# best boots to use



## hoglet (Oct 12, 2008)

My daughter has been riding for a few months and I'm now looking at improving her gear, What is the best footwear, I see the girls wearing the ankle boot and gaters,


----------



## bee112 (Apr 12, 2008)

thats what I wear.. I got mine from Equitector Riding Boots

the gaiters I found are better as they are not so resticting around the ankles.

I hope your daughter is enjoying riding!


----------



## Laurel&Hardy (Oct 12, 2008)

I used boots and gaiters (or half chaps) myself. I think its more comfortable for everyday riding. I used Ariat gaiters and chaps, but these are a little on the pricey side though very comfortable.


----------



## lurcher-lass (Oct 10, 2008)

i use ankle boots and i did buy (pink) half chaps but they where abit long in the leg


----------



## hoglet (Oct 12, 2008)

Thanks,
She'll be happy with your replies, I think she really wants the ankle boot and gaiters, so she looks as if she an old hand. I was also going to get her a pair of hunters for her pony days. I'll have a look on the links you've attached and we'll see if we can get her sorted.


----------



## bee112 (Apr 12, 2008)

aww bless her... how is your daughter?


----------



## lurcher-lass (Oct 10, 2008)

The reason i got the ankle boots was because im a size five but when i tryed the long legged riding boats they where far to tight around my calf, so i then went in search of ankle boots, not alot of people that i ride with wear them tho but they are very comfy.
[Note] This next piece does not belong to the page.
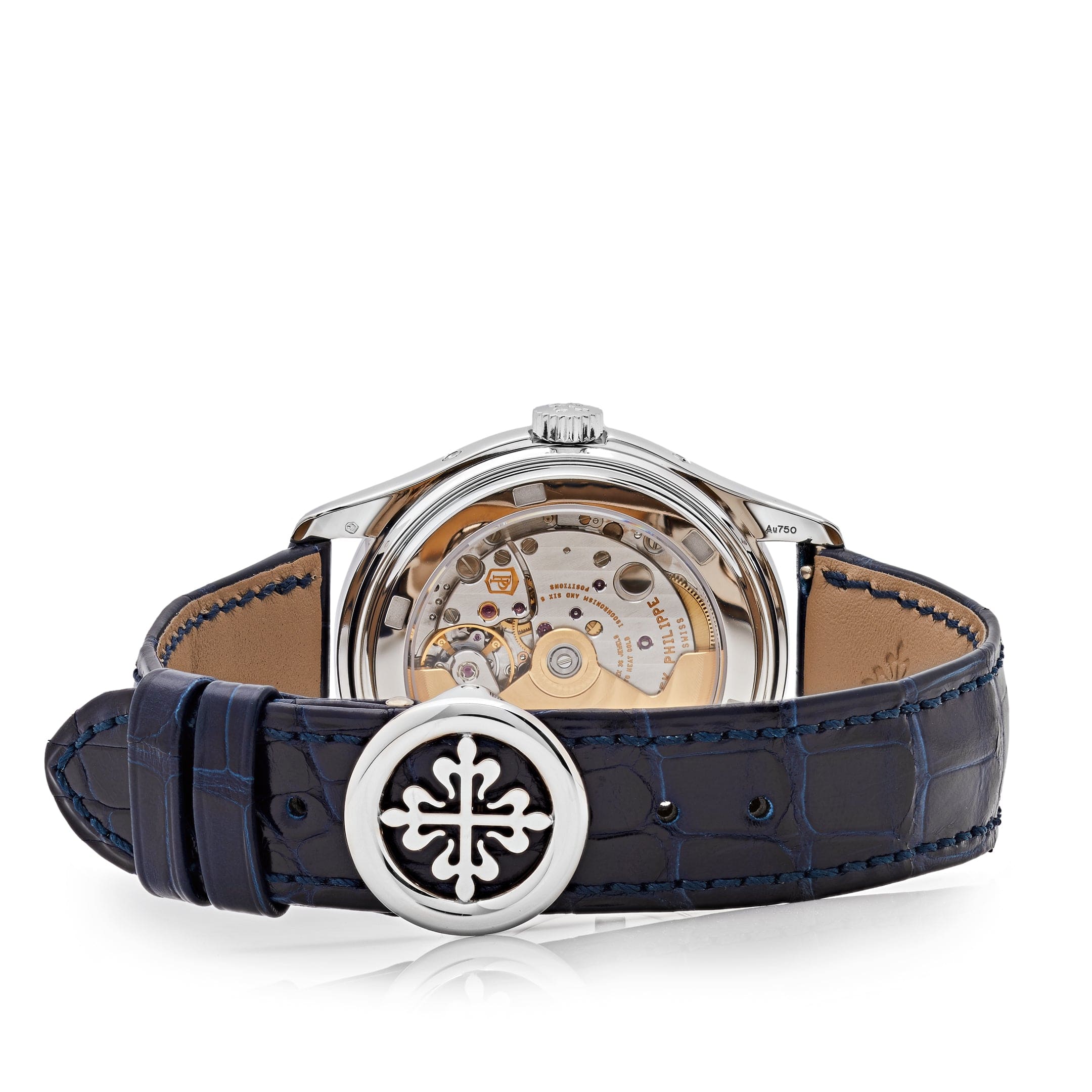 Patek Philippe Complications 5147G-001 Diamond Bezel Annual Calendar Moon Phase (2023)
How old is your daughter?


----------



## Guest (Oct 13, 2008)

I used ankle boots - but havn't riden for yonks!!


----------



## Laurel&Hardy (Oct 12, 2008)

ankle boots with long socks only aren't very "fashionable" at the moment but as well as my ariat gaiters I also have light blue half chaps and some ones with fleece on the inside for winter months. Really there are so many different types of boots on the market. I think ebay's a good place to shop around. And if you measure your daughter's calf (in the widest place and also length up the back of her leg from her heel to just below the back of her knee) you will get a comfortable pair of chaps for her for everyday riding. I only use my ariat gaiters for showing and my exams as they were expensive


----------